_Data in this exercise_
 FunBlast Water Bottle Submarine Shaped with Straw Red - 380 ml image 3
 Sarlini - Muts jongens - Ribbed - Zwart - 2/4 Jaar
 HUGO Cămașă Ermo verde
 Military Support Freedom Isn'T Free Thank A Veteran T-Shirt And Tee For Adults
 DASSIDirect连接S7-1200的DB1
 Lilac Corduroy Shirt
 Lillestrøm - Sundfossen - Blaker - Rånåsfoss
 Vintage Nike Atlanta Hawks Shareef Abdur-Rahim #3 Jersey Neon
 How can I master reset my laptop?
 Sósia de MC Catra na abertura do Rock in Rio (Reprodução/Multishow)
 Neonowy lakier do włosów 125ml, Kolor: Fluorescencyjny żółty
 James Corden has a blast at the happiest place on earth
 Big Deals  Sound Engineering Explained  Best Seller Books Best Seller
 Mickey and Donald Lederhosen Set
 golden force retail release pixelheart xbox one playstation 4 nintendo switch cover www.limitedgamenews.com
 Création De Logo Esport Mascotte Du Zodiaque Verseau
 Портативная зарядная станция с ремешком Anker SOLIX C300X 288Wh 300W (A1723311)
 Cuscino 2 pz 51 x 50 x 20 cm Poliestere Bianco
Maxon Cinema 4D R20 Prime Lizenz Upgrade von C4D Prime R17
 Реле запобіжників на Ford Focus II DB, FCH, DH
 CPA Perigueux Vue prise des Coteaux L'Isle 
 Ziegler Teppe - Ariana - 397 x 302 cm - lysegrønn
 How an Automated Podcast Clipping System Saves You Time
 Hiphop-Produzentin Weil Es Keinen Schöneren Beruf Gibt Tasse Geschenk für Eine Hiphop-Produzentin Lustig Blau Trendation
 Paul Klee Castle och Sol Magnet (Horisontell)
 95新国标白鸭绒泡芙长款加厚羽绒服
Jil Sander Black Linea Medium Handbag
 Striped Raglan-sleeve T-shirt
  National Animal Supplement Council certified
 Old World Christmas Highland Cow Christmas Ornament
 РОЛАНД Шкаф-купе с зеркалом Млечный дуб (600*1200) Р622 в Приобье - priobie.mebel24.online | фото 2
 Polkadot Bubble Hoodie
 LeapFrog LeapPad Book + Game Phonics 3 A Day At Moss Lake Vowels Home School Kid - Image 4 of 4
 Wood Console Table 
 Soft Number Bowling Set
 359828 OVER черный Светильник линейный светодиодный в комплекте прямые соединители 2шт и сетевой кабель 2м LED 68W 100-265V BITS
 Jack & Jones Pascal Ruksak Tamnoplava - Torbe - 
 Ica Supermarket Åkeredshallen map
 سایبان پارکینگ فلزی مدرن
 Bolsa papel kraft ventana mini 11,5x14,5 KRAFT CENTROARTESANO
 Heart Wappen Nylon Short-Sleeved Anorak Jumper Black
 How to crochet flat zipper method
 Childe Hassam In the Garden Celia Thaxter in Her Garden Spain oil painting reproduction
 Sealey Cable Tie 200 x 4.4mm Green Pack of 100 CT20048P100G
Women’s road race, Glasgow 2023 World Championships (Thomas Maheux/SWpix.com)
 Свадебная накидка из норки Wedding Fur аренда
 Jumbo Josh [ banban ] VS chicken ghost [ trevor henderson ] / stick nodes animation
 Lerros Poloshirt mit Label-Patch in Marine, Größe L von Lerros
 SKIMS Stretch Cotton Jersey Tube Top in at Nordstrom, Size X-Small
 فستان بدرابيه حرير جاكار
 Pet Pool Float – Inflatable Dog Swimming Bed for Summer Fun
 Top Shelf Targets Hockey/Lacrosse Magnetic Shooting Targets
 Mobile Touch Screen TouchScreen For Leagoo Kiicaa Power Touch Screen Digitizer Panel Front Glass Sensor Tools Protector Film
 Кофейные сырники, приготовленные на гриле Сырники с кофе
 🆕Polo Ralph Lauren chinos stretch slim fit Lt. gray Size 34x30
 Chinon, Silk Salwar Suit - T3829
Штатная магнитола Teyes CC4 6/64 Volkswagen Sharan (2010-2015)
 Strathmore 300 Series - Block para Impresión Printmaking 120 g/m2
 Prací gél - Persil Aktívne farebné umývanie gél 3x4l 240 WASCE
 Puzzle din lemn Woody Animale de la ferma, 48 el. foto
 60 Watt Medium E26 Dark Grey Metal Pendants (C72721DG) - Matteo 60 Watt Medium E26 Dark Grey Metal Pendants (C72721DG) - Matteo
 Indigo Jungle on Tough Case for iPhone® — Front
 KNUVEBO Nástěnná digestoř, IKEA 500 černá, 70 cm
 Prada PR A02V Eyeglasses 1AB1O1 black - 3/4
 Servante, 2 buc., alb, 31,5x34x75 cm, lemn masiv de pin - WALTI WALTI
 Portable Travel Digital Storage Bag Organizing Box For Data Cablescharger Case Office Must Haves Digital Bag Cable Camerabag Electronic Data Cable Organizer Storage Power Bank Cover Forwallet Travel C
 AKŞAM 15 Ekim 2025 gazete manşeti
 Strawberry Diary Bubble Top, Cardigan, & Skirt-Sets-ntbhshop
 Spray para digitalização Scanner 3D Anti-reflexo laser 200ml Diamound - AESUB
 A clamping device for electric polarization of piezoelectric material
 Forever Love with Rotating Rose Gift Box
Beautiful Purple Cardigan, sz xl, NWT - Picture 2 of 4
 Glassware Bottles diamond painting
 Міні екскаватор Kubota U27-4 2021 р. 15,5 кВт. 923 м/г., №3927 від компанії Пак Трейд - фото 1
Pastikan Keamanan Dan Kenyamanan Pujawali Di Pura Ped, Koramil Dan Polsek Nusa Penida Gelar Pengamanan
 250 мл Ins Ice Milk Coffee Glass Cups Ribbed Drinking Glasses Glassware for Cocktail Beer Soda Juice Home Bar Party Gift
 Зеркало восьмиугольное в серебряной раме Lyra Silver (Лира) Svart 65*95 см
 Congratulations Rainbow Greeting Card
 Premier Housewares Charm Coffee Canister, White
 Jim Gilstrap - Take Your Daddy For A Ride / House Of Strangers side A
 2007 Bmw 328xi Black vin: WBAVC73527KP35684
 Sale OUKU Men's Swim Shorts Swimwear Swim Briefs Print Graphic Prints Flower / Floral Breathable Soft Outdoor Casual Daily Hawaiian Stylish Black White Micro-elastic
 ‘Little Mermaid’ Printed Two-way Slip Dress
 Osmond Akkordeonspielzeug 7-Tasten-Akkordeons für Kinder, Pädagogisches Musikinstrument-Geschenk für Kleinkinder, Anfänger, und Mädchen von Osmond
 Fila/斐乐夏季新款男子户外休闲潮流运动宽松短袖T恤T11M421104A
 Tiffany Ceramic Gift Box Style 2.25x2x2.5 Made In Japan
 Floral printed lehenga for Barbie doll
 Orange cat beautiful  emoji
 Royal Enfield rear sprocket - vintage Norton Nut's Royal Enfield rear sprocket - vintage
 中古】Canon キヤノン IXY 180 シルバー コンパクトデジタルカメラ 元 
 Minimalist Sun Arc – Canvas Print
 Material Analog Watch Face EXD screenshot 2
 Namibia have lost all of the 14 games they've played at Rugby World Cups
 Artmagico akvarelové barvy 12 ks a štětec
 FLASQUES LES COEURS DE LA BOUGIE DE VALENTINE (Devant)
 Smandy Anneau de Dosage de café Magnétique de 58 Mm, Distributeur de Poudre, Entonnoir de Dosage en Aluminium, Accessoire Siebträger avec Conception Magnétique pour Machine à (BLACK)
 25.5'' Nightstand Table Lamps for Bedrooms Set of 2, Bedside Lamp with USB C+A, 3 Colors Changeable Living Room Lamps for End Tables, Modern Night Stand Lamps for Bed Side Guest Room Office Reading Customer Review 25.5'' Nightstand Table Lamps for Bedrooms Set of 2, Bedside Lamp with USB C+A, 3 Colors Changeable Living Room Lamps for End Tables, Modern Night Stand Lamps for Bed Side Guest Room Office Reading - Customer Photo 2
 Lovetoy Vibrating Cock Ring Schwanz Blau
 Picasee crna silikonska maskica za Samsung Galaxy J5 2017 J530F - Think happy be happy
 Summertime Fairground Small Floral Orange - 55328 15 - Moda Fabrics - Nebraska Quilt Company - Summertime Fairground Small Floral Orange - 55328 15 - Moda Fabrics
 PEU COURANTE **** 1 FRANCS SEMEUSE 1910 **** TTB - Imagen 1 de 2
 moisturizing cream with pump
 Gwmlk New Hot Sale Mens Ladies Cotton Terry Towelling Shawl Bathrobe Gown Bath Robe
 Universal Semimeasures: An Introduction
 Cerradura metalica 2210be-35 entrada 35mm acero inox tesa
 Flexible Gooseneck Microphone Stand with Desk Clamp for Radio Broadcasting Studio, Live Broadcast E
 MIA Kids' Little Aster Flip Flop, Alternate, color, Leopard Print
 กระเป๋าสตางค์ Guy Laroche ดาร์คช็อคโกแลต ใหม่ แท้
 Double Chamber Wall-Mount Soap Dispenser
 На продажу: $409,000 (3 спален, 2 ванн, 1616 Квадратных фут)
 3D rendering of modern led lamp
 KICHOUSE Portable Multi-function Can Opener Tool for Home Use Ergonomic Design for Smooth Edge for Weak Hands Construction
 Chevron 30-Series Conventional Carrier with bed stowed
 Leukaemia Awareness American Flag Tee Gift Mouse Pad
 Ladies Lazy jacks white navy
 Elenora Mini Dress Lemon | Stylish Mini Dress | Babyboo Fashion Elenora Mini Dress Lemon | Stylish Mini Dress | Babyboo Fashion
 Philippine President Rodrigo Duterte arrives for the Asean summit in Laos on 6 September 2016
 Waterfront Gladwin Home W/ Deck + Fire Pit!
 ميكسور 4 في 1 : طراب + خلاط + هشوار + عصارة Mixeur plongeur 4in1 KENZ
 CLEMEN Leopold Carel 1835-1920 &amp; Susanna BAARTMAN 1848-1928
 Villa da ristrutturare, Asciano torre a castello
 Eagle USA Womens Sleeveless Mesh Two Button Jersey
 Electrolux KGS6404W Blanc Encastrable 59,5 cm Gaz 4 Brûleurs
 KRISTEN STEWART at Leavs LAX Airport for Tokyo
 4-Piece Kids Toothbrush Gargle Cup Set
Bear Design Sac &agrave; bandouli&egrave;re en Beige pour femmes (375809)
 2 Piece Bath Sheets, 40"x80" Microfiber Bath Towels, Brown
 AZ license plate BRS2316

_Your objective_
When you reach the line holding "Soft Number Bowling Set" in the records above, begin reproducing exactly, stop after the line holding "Pet Pool Float", and output nothing else.

_Written reply_
 Soft Number Bowling Set
 359828 OVER черный Светильник линейный светодиодный в комплекте прямые соединители 2шт и сетевой кабель 2м LED 68W 100-265V BITS
 Jack & Jones Pascal Ruksak Tamnoplava - Torbe - 
 Ica Supermarket Åkeredshallen map
 سایبان پارکینگ فلزی مدرن
 Bolsa papel kraft ventana mini 11,5x14,5 KRAFT CENTROARTESANO
 Heart Wappen Nylon Short-Sleeved Anorak Jumper Black
 How to crochet flat zipper method
 Childe Hassam In the Garden Celia Thaxter in Her Garden Spain oil painting reproduction
 Sealey Cable Tie 200 x 4.4mm Green Pack of 100 CT20048P100G
Women’s road race, Glasgow 2023 World Championships (Thomas Maheux/SWpix.com)
 Свадебная накидка из норки Wedding Fur аренда
 Jumbo Josh [ banban ] VS chicken ghost [ trevor henderson ] / stick nodes animation
 Lerros Poloshirt mit Label-Patch in Marine, Größe L von Lerros
 SKIMS Stretch Cotton Jersey Tube Top in at Nordstrom, Size X-Small
 فستان بدرابيه حرير جاكار
 Pet Pool Float – Inflatable Dog Swimming Bed for Summer Fun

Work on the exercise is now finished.